:: Prompt ::
Filter by the string "Volkswagen": return the lines of the material that contain it.

──────────

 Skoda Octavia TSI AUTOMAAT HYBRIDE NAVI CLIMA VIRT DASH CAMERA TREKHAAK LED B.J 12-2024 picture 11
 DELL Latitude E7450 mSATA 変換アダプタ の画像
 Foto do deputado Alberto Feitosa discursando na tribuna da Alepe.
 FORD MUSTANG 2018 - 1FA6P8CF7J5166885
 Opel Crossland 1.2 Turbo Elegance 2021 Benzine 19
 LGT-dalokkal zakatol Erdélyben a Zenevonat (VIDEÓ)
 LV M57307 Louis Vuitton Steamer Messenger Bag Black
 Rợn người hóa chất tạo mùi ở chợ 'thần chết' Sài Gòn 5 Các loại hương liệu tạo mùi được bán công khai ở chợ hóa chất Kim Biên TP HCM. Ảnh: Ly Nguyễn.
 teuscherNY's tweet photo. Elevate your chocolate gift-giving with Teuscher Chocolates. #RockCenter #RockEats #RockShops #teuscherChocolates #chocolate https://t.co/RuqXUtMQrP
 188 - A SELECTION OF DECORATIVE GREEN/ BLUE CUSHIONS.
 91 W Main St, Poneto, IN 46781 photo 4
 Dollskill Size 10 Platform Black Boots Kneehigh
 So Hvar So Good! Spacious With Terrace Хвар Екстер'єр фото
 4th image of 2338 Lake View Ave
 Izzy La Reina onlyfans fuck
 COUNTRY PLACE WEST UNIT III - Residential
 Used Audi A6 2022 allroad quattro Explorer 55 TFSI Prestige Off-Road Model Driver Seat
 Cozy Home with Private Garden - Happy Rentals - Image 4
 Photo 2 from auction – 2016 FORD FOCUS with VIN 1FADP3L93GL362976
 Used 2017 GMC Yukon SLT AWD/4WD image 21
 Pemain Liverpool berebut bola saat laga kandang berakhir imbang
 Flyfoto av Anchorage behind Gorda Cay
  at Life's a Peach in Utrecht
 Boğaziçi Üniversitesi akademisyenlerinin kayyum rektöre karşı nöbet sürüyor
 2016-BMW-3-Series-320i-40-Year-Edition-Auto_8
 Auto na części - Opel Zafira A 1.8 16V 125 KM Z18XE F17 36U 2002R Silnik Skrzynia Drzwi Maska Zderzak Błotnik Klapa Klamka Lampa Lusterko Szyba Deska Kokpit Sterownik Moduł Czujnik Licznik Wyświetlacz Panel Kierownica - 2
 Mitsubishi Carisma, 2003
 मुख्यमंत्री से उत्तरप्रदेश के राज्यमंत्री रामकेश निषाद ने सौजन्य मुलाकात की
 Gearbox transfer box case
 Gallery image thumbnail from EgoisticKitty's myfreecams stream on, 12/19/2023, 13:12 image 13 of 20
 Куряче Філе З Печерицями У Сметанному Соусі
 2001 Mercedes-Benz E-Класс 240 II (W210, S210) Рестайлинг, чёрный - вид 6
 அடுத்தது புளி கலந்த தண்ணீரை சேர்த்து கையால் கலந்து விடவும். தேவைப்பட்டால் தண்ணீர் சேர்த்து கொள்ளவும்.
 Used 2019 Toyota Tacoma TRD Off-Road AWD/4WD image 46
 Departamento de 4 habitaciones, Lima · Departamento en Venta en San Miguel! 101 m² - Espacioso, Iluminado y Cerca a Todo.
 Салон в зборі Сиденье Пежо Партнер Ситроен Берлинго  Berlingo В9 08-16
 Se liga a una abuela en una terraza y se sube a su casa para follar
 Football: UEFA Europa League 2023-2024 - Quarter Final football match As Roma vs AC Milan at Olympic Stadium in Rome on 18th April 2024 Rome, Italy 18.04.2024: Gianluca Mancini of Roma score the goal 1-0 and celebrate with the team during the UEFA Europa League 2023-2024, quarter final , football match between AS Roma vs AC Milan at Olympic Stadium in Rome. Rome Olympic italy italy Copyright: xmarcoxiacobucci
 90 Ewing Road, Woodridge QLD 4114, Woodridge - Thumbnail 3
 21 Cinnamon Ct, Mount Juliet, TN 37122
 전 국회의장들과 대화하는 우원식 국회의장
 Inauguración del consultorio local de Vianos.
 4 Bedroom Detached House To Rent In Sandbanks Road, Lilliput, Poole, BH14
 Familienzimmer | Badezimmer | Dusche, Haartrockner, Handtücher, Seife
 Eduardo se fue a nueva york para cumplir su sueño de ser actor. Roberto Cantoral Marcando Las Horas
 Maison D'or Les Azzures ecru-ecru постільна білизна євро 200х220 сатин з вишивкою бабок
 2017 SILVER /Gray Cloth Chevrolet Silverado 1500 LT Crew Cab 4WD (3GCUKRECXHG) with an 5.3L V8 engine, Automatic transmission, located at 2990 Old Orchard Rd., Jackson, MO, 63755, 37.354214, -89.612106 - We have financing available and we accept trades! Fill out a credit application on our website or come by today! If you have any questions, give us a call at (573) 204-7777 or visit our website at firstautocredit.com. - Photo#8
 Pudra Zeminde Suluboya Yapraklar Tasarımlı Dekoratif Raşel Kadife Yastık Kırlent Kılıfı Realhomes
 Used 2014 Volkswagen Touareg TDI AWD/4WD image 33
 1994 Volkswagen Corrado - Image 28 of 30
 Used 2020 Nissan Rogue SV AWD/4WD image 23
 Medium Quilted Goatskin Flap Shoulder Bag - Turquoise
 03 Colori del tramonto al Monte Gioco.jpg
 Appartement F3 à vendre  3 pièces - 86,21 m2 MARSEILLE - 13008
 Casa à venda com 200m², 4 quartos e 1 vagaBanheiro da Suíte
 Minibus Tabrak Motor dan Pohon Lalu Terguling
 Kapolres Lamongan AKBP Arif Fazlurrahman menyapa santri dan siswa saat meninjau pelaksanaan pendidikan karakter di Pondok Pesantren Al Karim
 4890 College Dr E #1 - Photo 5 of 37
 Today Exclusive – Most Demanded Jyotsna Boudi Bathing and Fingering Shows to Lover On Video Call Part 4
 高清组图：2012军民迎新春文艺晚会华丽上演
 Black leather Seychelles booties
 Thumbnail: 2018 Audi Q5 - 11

──────────

:: Task output ::
 Used 2014 Volkswagen Touareg TDI AWD/4WD image 33
 1994 Volkswagen Corrado - Image 28 of 30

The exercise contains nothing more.